CO2 suppliers have agreed to pay CF Fertilisers a price for the CO2 it produces that will enable it to continue operating while global gas prices remain high.
Business secretary Kwasi Kwarteng said: “The agreement means critical industries can have confidence in their supplies of CO2 over the coming months, without further taxpayer support.
“The Government acted quickly to provide CF Fertilisers with the support it needed to kickstart production and gives us enough breathing space to agree a longer-term, more sustainable solution.

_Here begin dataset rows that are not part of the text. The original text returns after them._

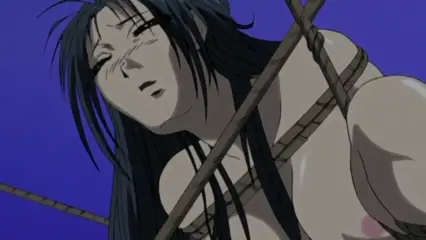 A woman with long dark hair is tied up with ropes against a blue background, displaying an expression of pleasure or exhaustion. Screenshot from Hana Dorei - Episode 1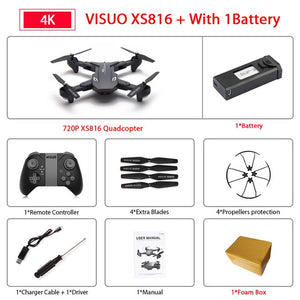 Visuo XS816 Drone with 50 Times Zoom WiFi FPV 4K Dual Camera Optical Flow Quadcopter Foldable Selfie Dron VS SG106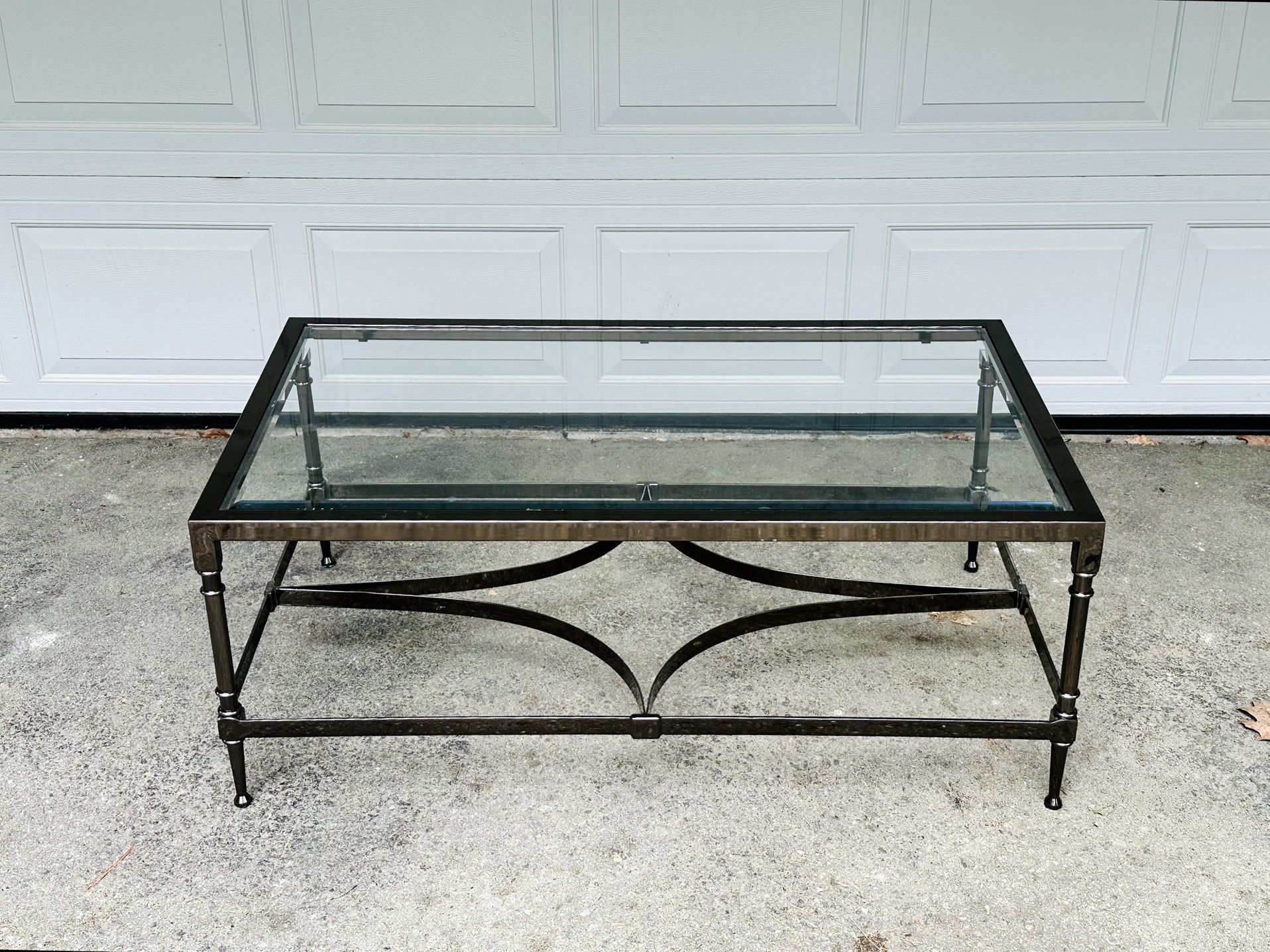 Glass-top Metal Body Coffee Table 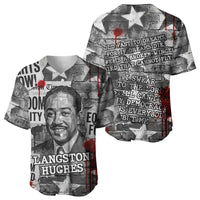 Langston Hughes Baseball Jersey Urban Brick Wall Design with Protest Art and Poetry Powerful Quotes - Wonder Print Shop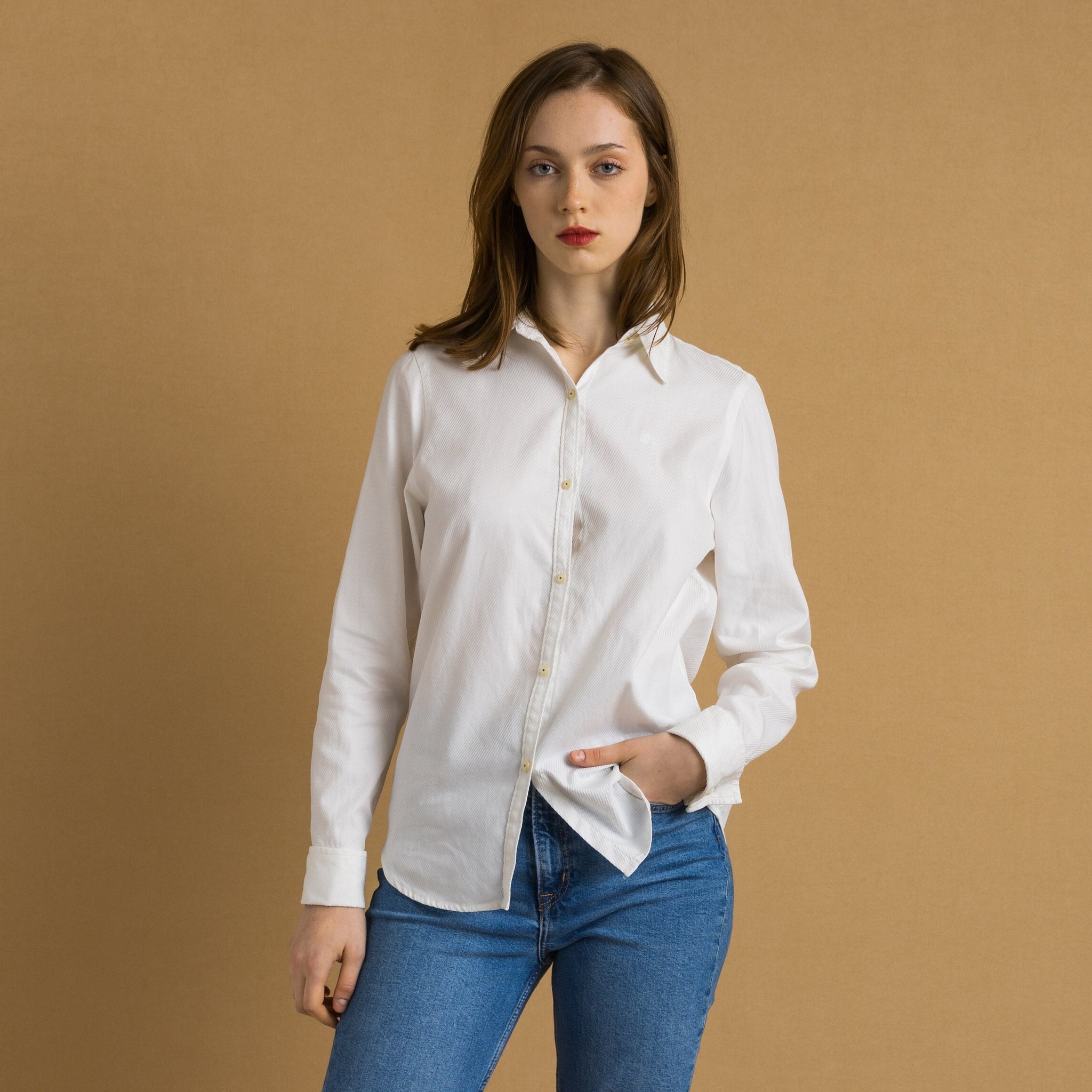 90s Vintage Ralph Lauren White Logo Long Sleeve Buttons Up Woman Shirt in S size/ Vintage Ralph Lauren White Woman Shirt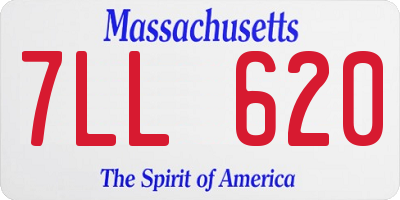 MA license plate 7LL620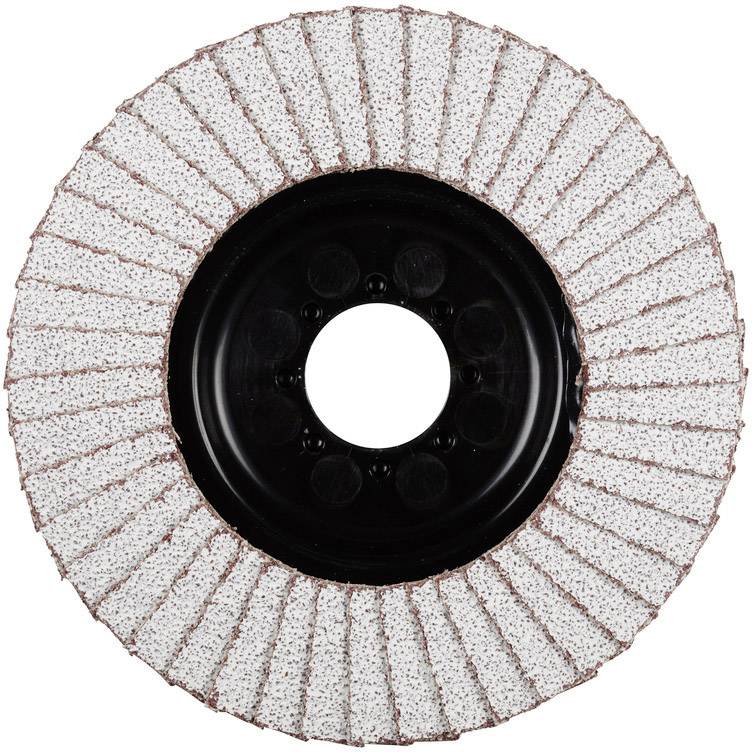 Grinding wheel with concentrically arranged lamellae made of sandpaper, used for smoothing or polishing surfaces.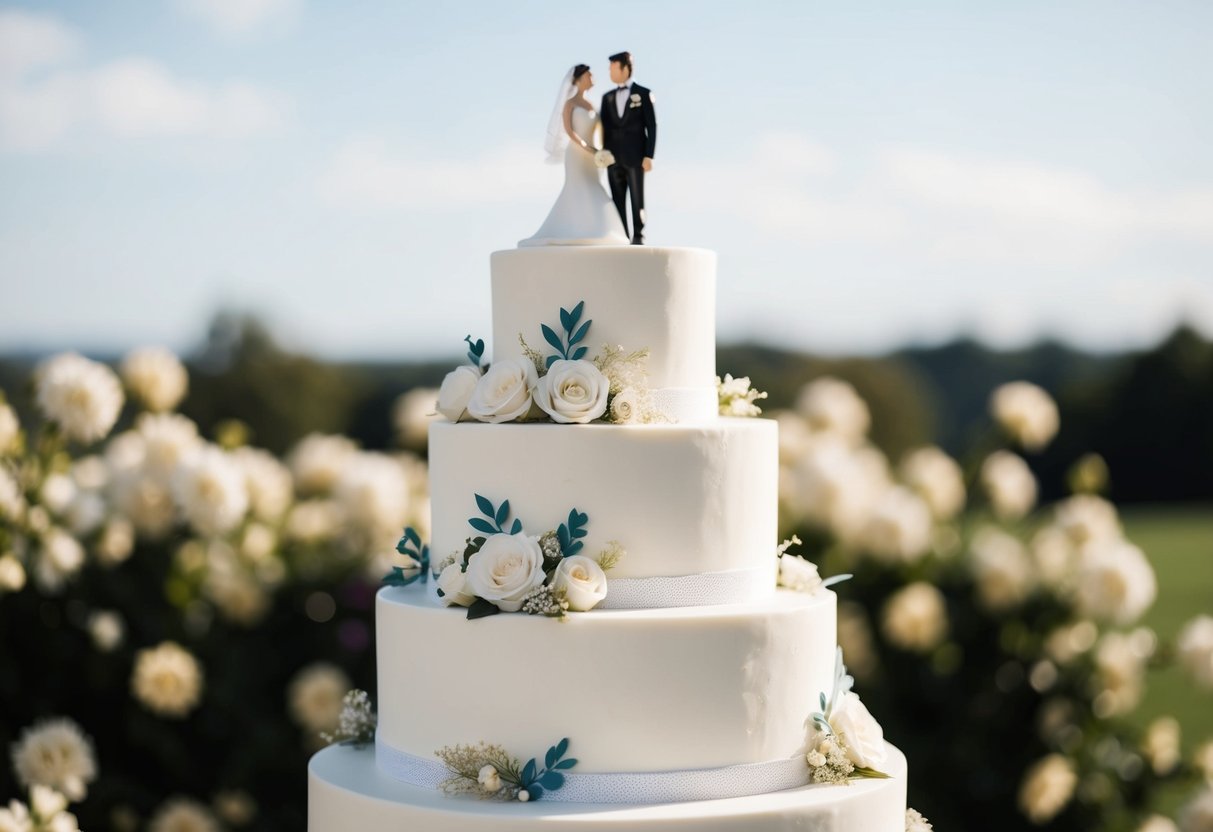 A tiered white wedding cake with intricate floral decorations and a bride and groom cake topper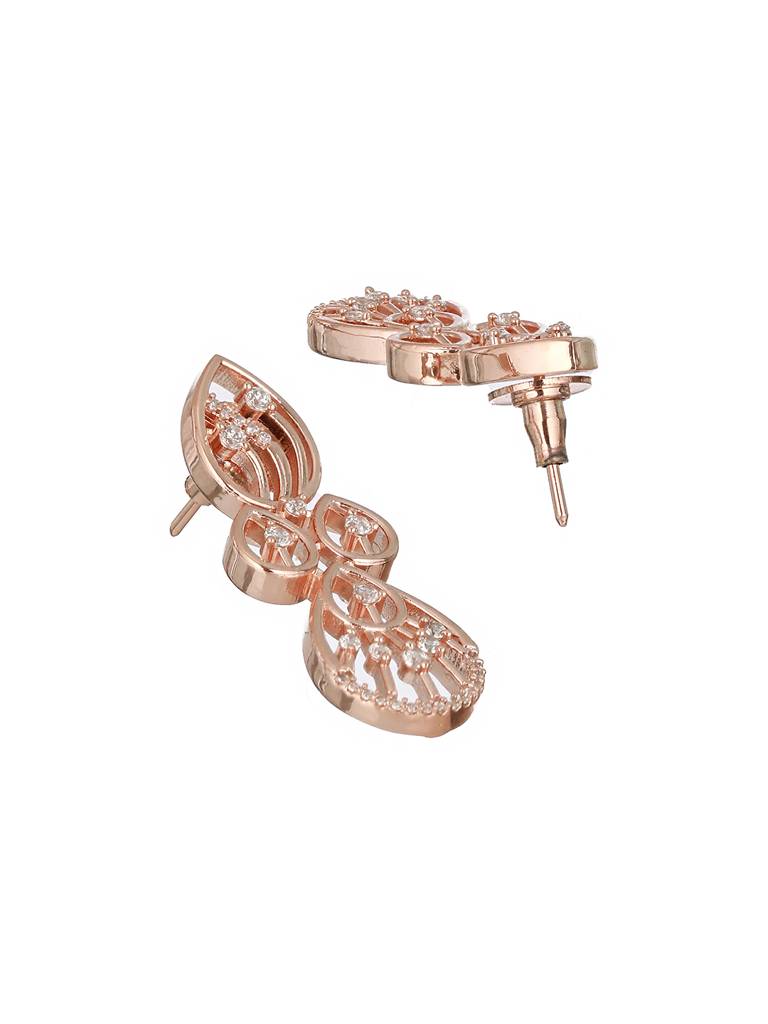 Rose Gold Toned Zircon Studded Minimal Necklace Jewellery Set : SJNK2239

“I would like to thank all the parties involved in this agreement who have recognised the importance of avoiding supply disruptions and delivering for UK businesses and consumers.”
Vital for food and drink
Kwarteng previously exempted parts of the CO2 industry from competition law to help facilitate the agreement temporarily.
Environment secretary George Eustice added: “CO2 is vital for our food and drink sectors. The Government has taken decisive action in these exceptional circumstances to allow a deal to be reached, which will continue the support of CO2 to businesses – including thousands of food and drink businesses – up and down the country.”
However, The Morning Advertiser’s sister title MCA reported the Food and Drink Federation welcomed the deal before warning the deal permitted CF Fertilisers could charge more for the gas, which could result in higher prices for operators.
It was previously predicted UK pubs could be facing a CO2 shortage worse than the 2018 crisis after two UK fertiliser plants, which produce CO2 as a by-product, closed due to rising gas prices.
While trade body the British Beer & Pub Association issued reassurances there would not be a beer drought, the Society of Independent Brewers outlined how the shortage wouldn’t impact cask beer immediately but could be a worry for keg, bottled and canned beer.
Furthermore, the British Meat Processors Association warned pork and poultry products could be affected.
Yet, the agreement with CF Fertilisers, which produces about two fifths (60%) of the UK’s CO2, used primarily by the food sector, will mean limited financial support for the fertiliser firm’s operating costs for three weeks while the market adapts to global gas prices.
In September the Government announced a temporary three-week agreement, which allowed the company to immediately restart operations and produce CO2 at its plant in Billingham, Stockton-on-Tees.